Estes momentos, que são acompanhados pela dor – se a família cristã tiver profundas raízes na fé – convertem-se em ocasião para reforçar os laços que unem entre si os diversos membros, o que muitas vezes ocorre de fato. Nesta fé, podemos consolar-nos uns aos outros, conscientes de que o Senhor venceu a morte de uma vez para sempre. Os nossos entes queridos não desapareceram nas trevas do nada: a esperança assegura-nos que eles estão nas mãos bondosas e vigorosas de Deus. O amor é mais forte do que a morte. Por isso, o caminho consiste em fazer aumentar o amor, em torná-lo mais sólido, e o amor preservar-nos-á até ao dia em que todas as lágrimas serão enxugadas, quando «já não haverá morte, nem luto, nem grito, nem dor» (Ap 21, 4) [13].

Esta visão cristã oferece o verdadeiro antídoto contra o medo que nos costuma assaltar ao comprovarmos a caducidade da existência terrena. Ao mesmo tempo, como já mencionei, é natural que a morte dos entes queridos nos doa, e que choremos a sua partida. Jesus Cristo também chorou pela morte de Lázaro, o amigo tão querido, antes de ressuscitá-lo. Mas sem exagerar, porque para um cristão consequente é ir para uma festa. Assim expressava-se São Josemaria, que comentava: quando nos disserem: ecce spónsus venit, exíte óbviam ei(Mt25, 6) — eis que vem o esposo; sai, que Ele vem buscar-Te—, pediremos a intercessão da Virgem. Santa Maria, Mãe de Deus, rogai por nós, pecadores, agora... e, bem o verás, à hora da morte! Que sorriso terás à hora da morte! Não haverá nem um ricto de medo, porque os braços de Maria estarão aí para receber-te[14].

Quando o Senhor chamava à Sua presença alguma filha ou algum filho seu ainda jovem, o nosso Padre protestava filialmente e sentia uma profunda dor; mas imediatamente aceitava a Vontade divina, que sabe o que realmente nos convém. E rezava: Fiat, adimpleátur..., faça-se, cumpra-se, seja louvada e eternamente glorificada a justíssima e amabilíssima Vontade de Deus sobre todas as coisas. Assim seja. Assim seja [15]. E alcançava a paz.

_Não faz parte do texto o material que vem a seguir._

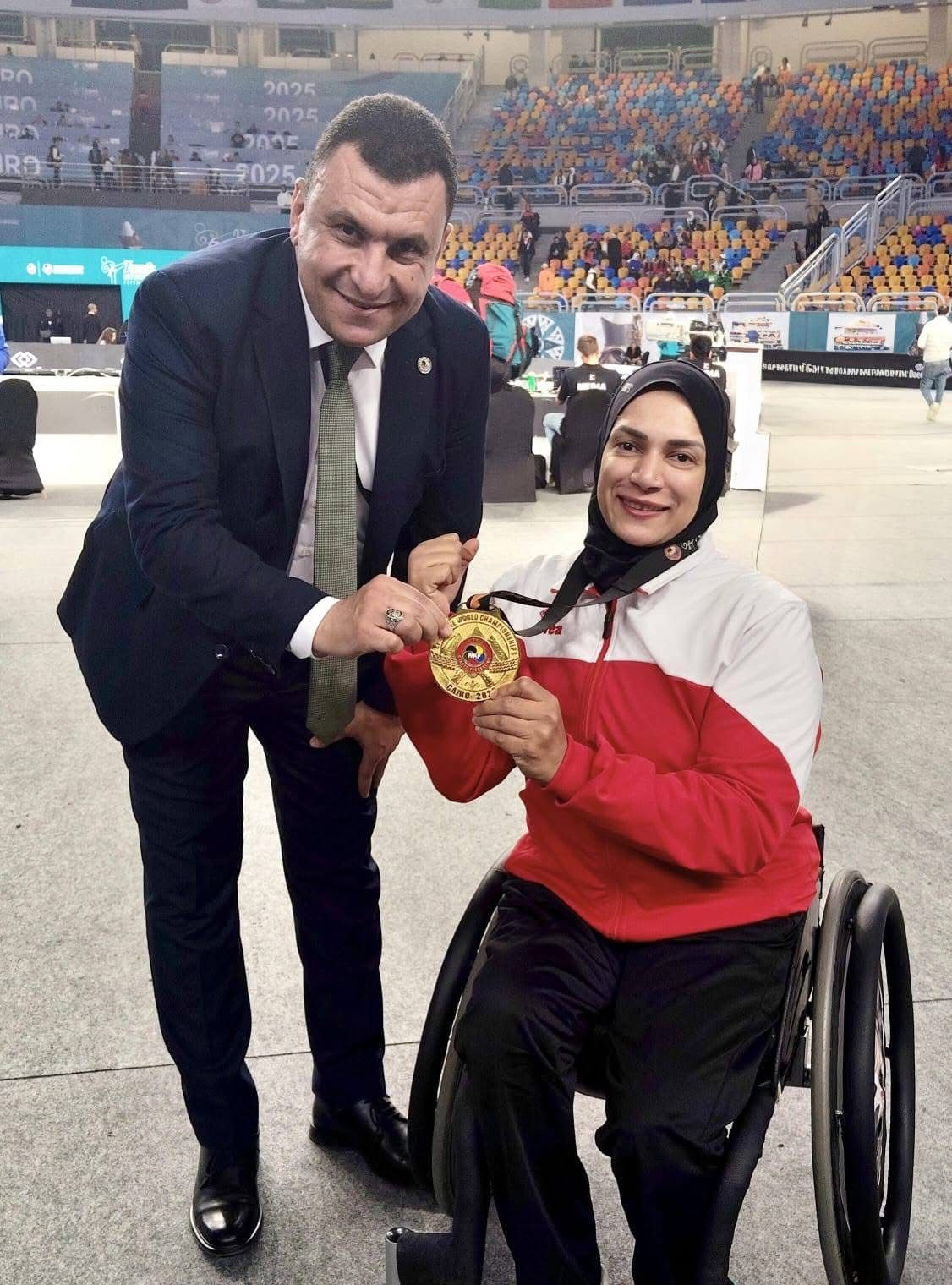 تربية عين شمس  بطلة كارتيه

Todos estes pensamentos devem estar unidos sempre à consideração de que a onipotência divina nos devolverá a vida: vita mutátur, non tóllitur[16], a vida é mudada, não perdida. A segurança de saber que estamos perto de Deus, com todas as ajudas que a nossa Mãe a Igreja proporciona nesses momentos finais, nos levará a raciocinar assim: Senhor, creio que ressuscitarei; creio que o meu corpo voltará a unir-se à minha alma para reinar contigo eternamente, por causa dos teus méritos infinitos, da intercessão da tua Mãe, da predileção que tiveste para comigo [17].

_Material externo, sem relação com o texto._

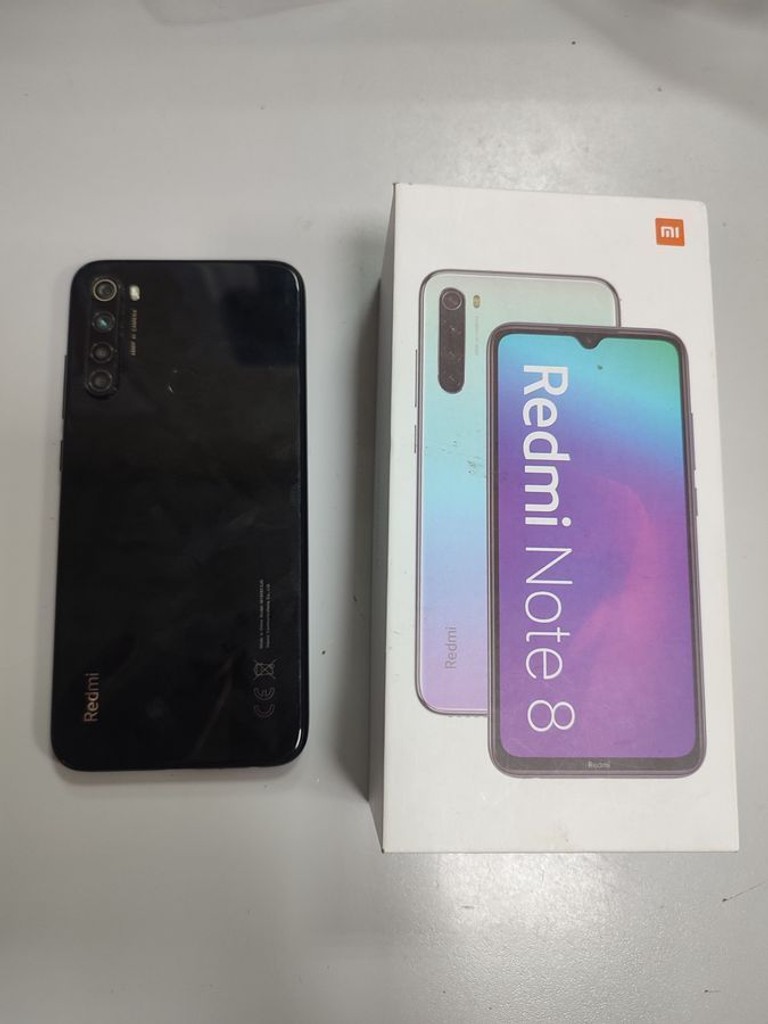 Дешиво Xiaomi Redmi Note 8 4/64GB Black с ломбарда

Filhas e filhos meus, esforcemo-nos por transmitir esta alegria e esta segurança da fé. Rezemos todos os dias pelas pessoas que entregarão a sua alma ao Senhor, para que se abram à graça abundantíssima que Deus concede nesses momentos, pela intercessão da sua Mãe Santíssima. E continuemos rezando pela santidade de todos os lares da terra, para que as conclusões do recente Sínodo impulsionem a seguir com fidelidade total os designíos de salvação que o Senhor inscreveu no núcleo do casamento e da família.

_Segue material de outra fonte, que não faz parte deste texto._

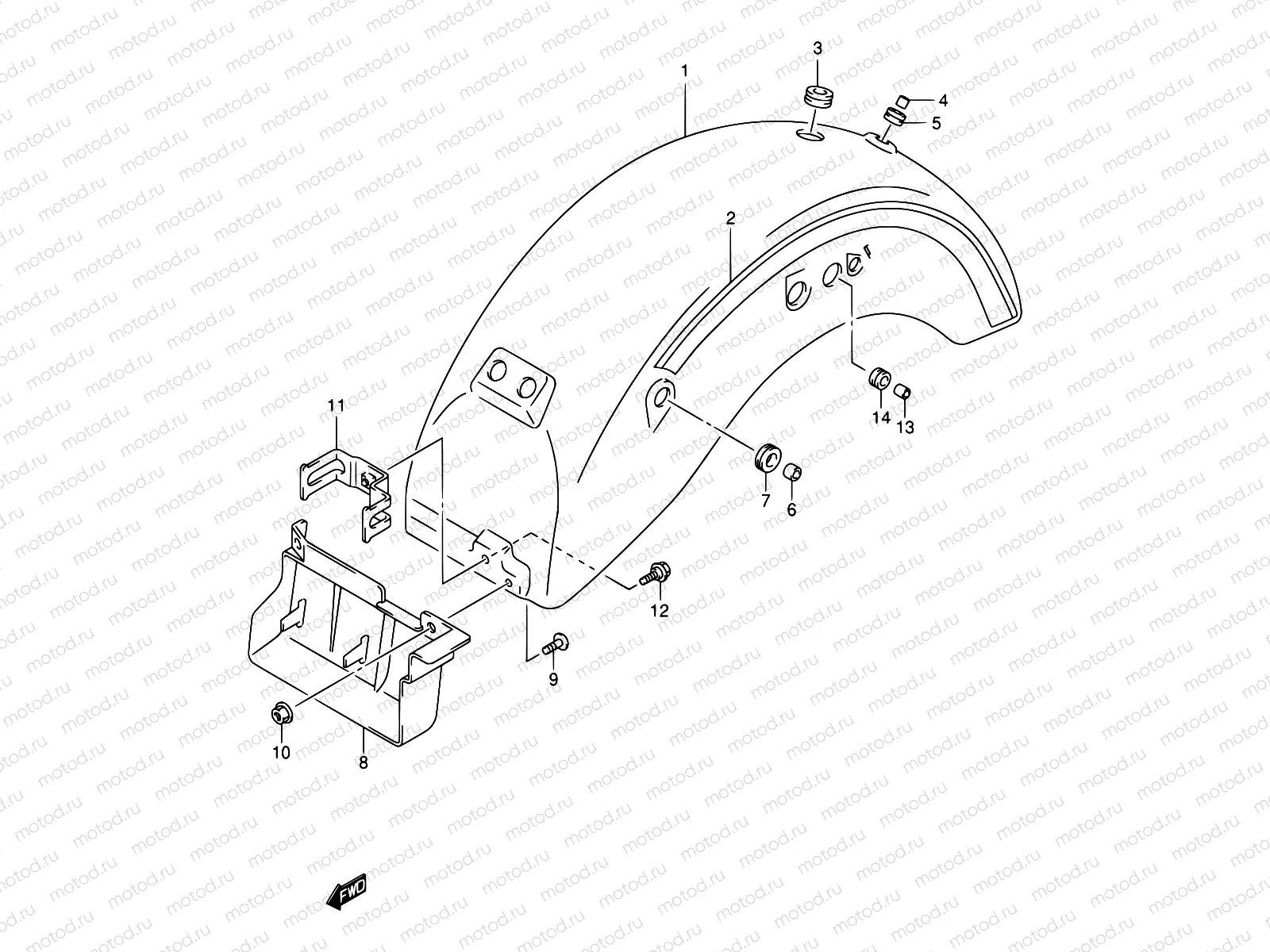 37 - REAR FENDER (MODEL Y/K1)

Gostaria que reparásseis na sabedoria da Igreja santa, que uniu a solenidade de Todos os Santos ao dia seguinte, dedicado à comemoração de todos os fiéis defuntos: saboreai a alegria celestial que impregna a liturgia deste mês, e de todo o ano.

Com todo o afeto, abençoa-vos

Vosso Padre

+ Javier

Roma, 1º de novembro de 2015.

OBS: Dentro de alguns dias irei à Clínica Universidade de Navarra, para me submeter a uma operação cirúrgica. Estarei muito unido a todas e a todos vós, e espero que me sustenteis com a fortaleza da vossa oração.

© Prælatura Sanctæ Crucis et Operis Dei


[1] 1 Cor 15, 31.

[2] São Josemaria, Caminho, n. 738.

[3] Papa Francisco, Discurso na audiência geral, 17-06-2015.

[4] Sb1, 13.

[5] Rm5, 12.

[6] São Josemaria, Sulco, n. 879.

[7] Catecismo da Igreja Católica, n. 1010.

[8] São Josemaria, Caminho, n. 739.

[9] São Josemaria, Anotações de uma meditação, 13-12-1948.

[10] Ibid.

[11] Papa Francisco, Discurso na audiência general, 17-06-2015.

[12] Cf. Sl 26 [27] 8.

[13] Papa Francisco, Discurso na audiência general, 17-06-2015.

[14] São Josemaria, Anotações de uma reunião familiar, 23-06-1974.

[15] São Josemaria, Forja, n. 769.

[16] Missal Romano, Prefácio de defuntos I.

[17] São Josemaria, Anotações de uma meditação, 13-12-1948.